Exercise details:
Only certain lines below are wanted: those starting at the line containing "Fából készült játékkészlet" and ending at the line containing "Kenwood KA 76 Owners Manual", both included, each retyped exactly.

Source information:
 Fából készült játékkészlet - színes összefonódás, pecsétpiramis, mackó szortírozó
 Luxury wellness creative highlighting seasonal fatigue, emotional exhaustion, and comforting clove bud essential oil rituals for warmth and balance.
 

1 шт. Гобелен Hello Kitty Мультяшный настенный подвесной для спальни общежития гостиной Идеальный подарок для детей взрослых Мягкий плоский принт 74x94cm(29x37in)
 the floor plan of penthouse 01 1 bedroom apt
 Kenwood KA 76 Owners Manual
--
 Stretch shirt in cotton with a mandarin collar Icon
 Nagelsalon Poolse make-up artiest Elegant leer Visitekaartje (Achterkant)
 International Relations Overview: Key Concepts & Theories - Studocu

Problem solution:
 Fából készült játékkészlet - színes összefonódás, pecsétpiramis, mackó szortírozó
 Luxury wellness creative highlighting seasonal fatigue, emotional exhaustion, and comforting clove bud essential oil rituals for warmth and balance.
 

1 шт. Гобелен Hello Kitty Мультяшный настенный подвесной для спальни общежития гостиной Идеальный подарок для детей взрослых Мягкий плоский принт 74x94cm(29x37in)
 the floor plan of penthouse 01 1 bedroom apt
 Kenwood KA 76 Owners Manual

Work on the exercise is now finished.